3. 健全な⾃⼰像の確⽴(キリストにあるアイデンティティの確⽴)
+ ⾃⼰像とは、⾃分が⾃分をどのように考えているかということです。その⼟台は⽣育史と関係があります。普通、5、6歳までにほぼ確⽴されると⾔われています。重要なことは、⼈はその⾃⼰像に合わせて⾏動する者だということです。帆船は⾵で動く船です。⾵をうまく利⽤して進んでいきます。私たちの⾃⼰像もしばしばこの帆船にたとえることができます。マストに張られた帆は、⾵によって⽅向や進む勢いが変わる。肯定的な強い⾵を受けると、勢いよく全速⼒で進みますが、それがないと前に進めなくなります。反対に、否定的な⾵や⾮難の嵐に会うと、帆は引き裂かれ、時には、マストも折れたりもします。⾵は、船みずからのものではありません。外からの⼒です。つまり、⼈からの評価によって形作られる⾃⼰像―そこに敵であるサタンの⾜場があります。そこにサタンは⾃らの要塞を築きます。ですから、私たちがそうした⾃⼰像を持っている限り、サタンに勝利することはできません。繰り返し、繰り返し、サタンの⾜場の中で私たちは⽣きているからです。そこから脱出しなければなりません。そうした⼈がいます。その⼈の名は使徒パウロです。彼はこう⾔っています。私は、⼈間的な標準(基準)によって⼈を(⾃分も含めて)評価しようとは思わない。(彼は⼈間的な標準でいうならば、だれもが認めるエリートであった)しかし、今やそうした⼈間的な標準によって⾃分を評価しようとは思わない。かつては、キリストに対しても⼈間的な標準を当てはめていたが、もはやそのようなことはしない。(なぜなら)、私には新しい標準を⾒つけたからである。その標準とは、キリストにあって⾃分がどういうものであるかということを知ったからである。「だれでもキリストのうちにあるなら、その⼈は新しく造られた者です。(Ⅱコリント5:16〜17)。

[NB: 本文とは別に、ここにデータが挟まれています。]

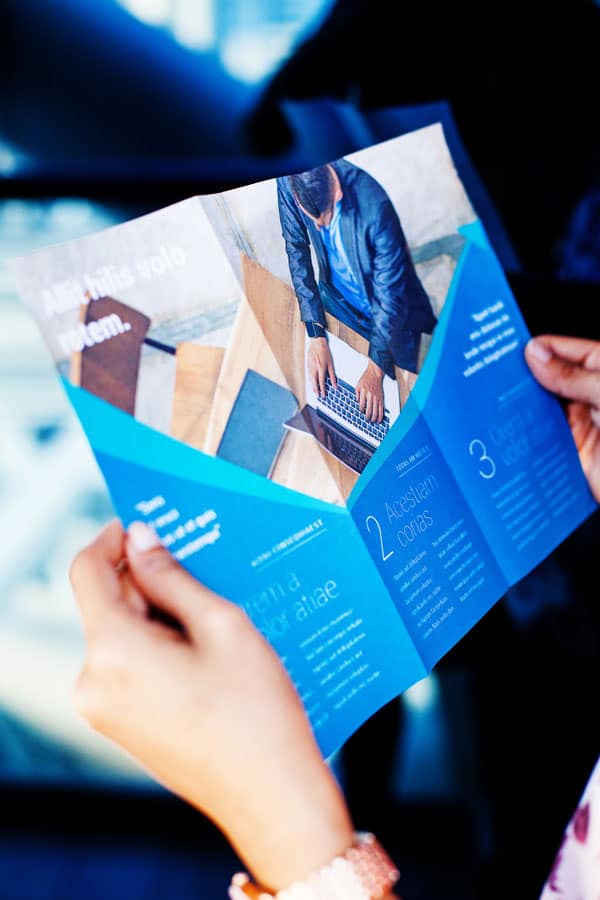 A person holding a blue brochure with text and images, displaying an informational layout.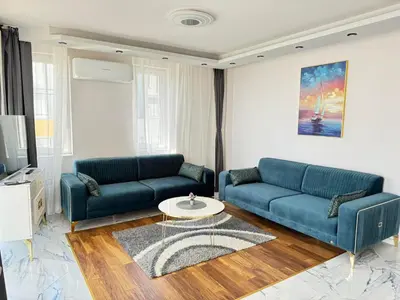 a living room with two blue couches and a table at Boutique Sozopol in Sozopol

+ 神が、キリストにある私をどのように⾒ておられるか、神の視点から⾒た⾃分(⾃⼰像)を発⾒することです。これが、聖書の教える健全な⾃⼰像です。これは、⾃⼰像のコペルニクス的転換です。ちなみに、「コペルニクス的転換」とは、2世紀以来信じられてきた「天動説」(地球中⼼説)に対して、カトリックの司祭であったコペルニクスが16世紀「地動説」(太陽中⼼説)を唱えたことから、⽐喩的に、物事の⾒⽅が180度変わってしまうことを⾔います。近年では「パラダイム・シフト」とも⾔います。
+ キリストにある⾃⼰像を持つこと、これが「義の胸当てを着ける」ということなのです。